There is nothing naive about recognizing that human knowledge is limited by our knowing apparatus. What is truly naive is to mistake the models of science with "reality itself" (a nebulous term)


IMO philosophers get into trouble because they want to nail down what is "real" or "true". They try to work by pure logic, but alway get tied up by the limitations of spoken or written language. "Infinite" for example is a logically imprecise term; there are different flavors of mathematical infinity.

Perhaps a more valid way to phrase the same sentiment would be to say that science, because of its assumptions and methodologies, can only address phenomena that are spatial, temporal, and causal. There might be real things that have none of those attributes; science and philosophers would have difficulty studying them, but that difficulty does not rule out the possibility of their existence.

edit: spoken or written


Sure, a lot of philosophers are so audacious, but not all. See, for example:

http://en.wikipedia.org/wiki/Anti-realism


That quote is anything but naive. Its basically a rephrasing of the findings of Kurl Godel, and I am not sure anyone would call that naive.


Which findings of Kurt Godel? Care to explain? Because for example this seems like it has nothing to do with the incompleteness theorems unless one doesn't understand the incompleteness theorems at all and is just hand-waving.


No one is hand-waving.

"Yet space, time, and causality cannot be proven to be empirically real themselves". This is akin to mathematical axioms that escape proof within a formal system. Of course one can debate whether the analogy applies for space and time as it does in arithmetic, but this is beside the point. My point was that Schopenhauer's quote was not even remotely close to being naive, especially considering when it was said (i.e. years before Godel and others proved similar conclusions).


>This is akin to mathematical axioms that escape proof within a formal system.

No it isn't. Unless you understand quantum gravity better than anyone else does, there is absolutely no connection whatsoever between the possible empirical reality of spacetime and causality, and Godel's description of mathematical incompleteness.

Spacetime is observable, not axiomatic. The whole point of theories like loop quantum gravity - and one of the main reasons that the string theories are poor relations - is that LQG theories take an explicit interest in possible mechanisms that explain the observed properties of spacetime and causality.

In the jargon, they are 'background independent.'

For example, take a look at Causal Dynamical Triangulation:

http://en.wikipedia.org/wiki/Causal_dynamical_triangulation


Its a relatively naive statement. What is 'before' and 'after' time is defining time in terms of time. While it does seem ridiculous to say something is 'before' time, it doesnt seem anywhere as ridiculous to say something is unrelated to time, beyond time, or independent from time.

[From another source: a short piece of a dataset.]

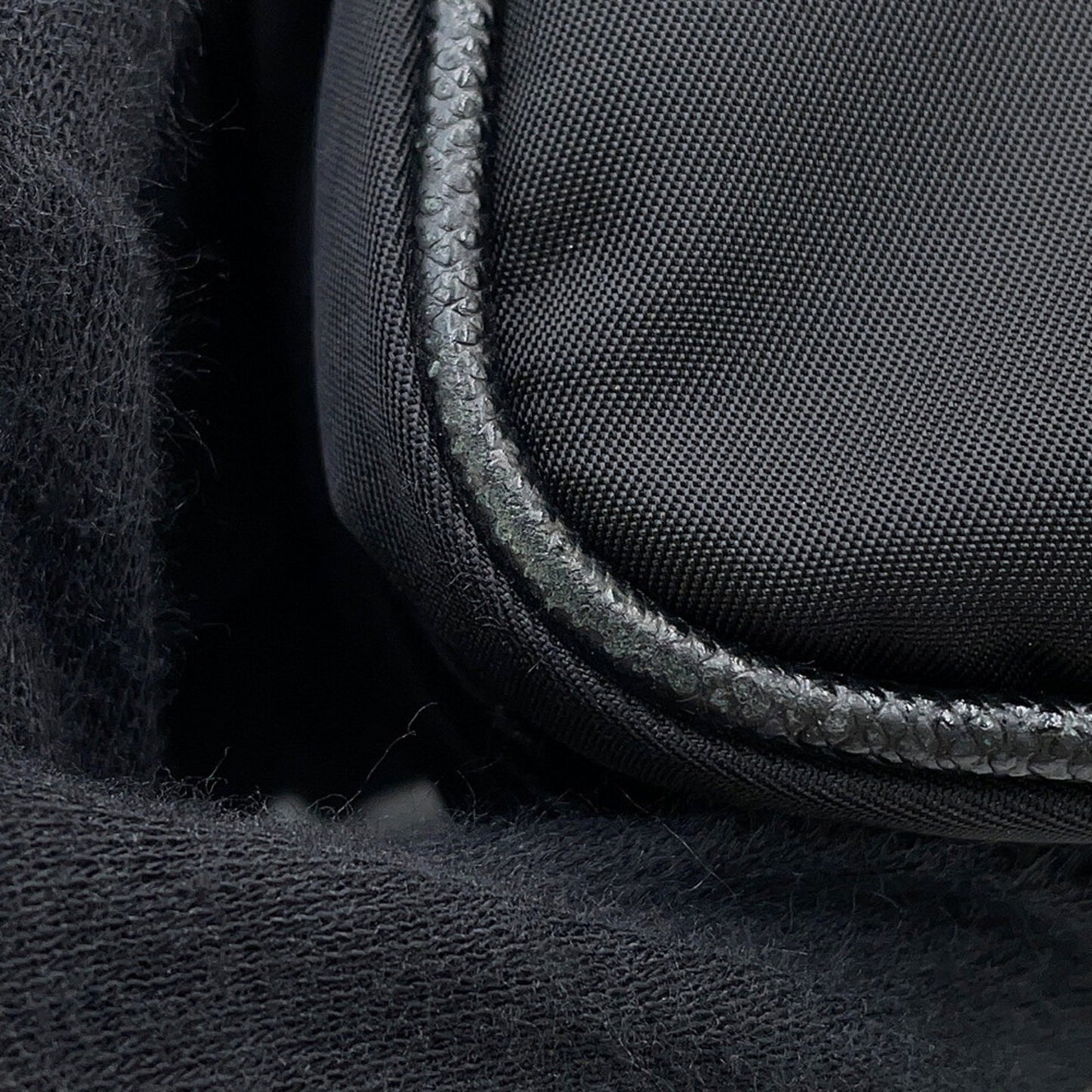 Prada Re-Nylon Triangle Shoulder Bag 2Vh118 Prada Black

The naivete is that a sophisticated philosopher would understand this, and at the very least not push forward a philosophical argument that really hinges on connotations of words instead of logical/philosophical pillars.

Anyways if the statement didnt have a famous philosophers name attached to it i doubt it would have gotten any response, its a pretty baseline/naive reaction to a complex scientific idea.

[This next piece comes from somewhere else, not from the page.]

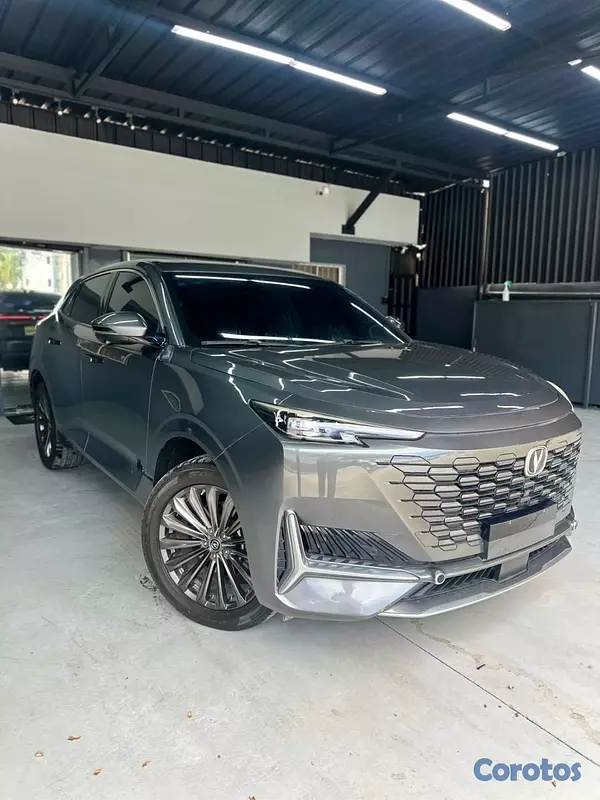 jeepetas y camionetas - Vendo changan uni-k 2023 3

You can use Godel's proof to show that a physics model based on space, time and causality can not exmplain those. And that if there is one that explains those, it must be based on some other set of concepts, that it can not explain.

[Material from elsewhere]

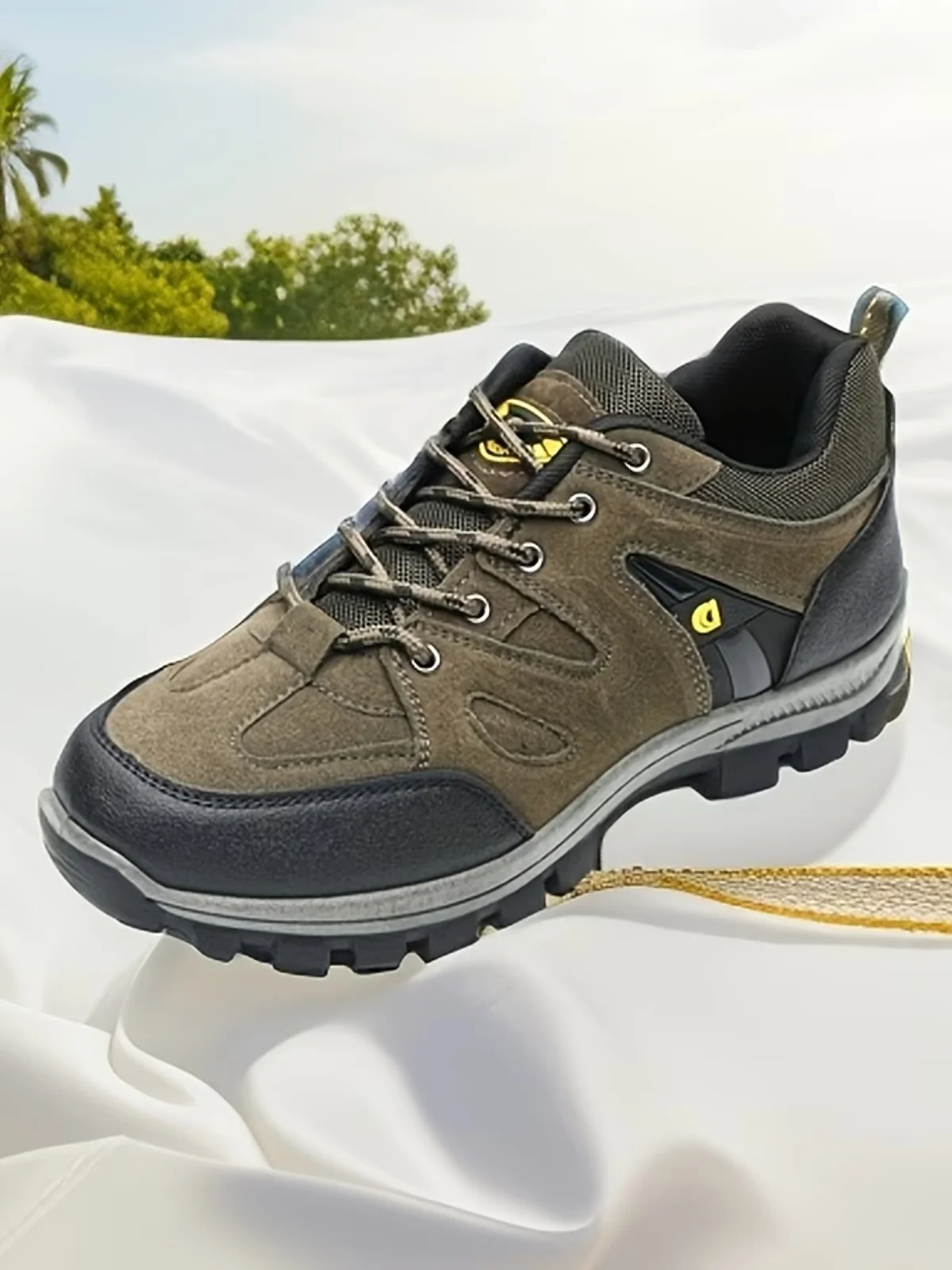 Olive Trail Walking Shoes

Yet, realism is in a completely different level. You can not reason about it using mathematical constructs. (Too bad that's the only tool we have.)


Can you really? Incompleteness doesn't necessarily say this. It makes certain statements about certain types of contradictions in certain types of systems. There is still a lot of work left to be done before you can apply it here.

You may be saying this has already been done elsewhere but without references u can't just throw this out there as a given.


It's notions on time and space are naive.

To ask what's before beginning of time is akin to asking what is the point more southern point of earth than the Southern pole. Answer is there is none.

In a place where space doesn't exist you wouldn't notice it not existing. Probably because you wouldn't exist as well.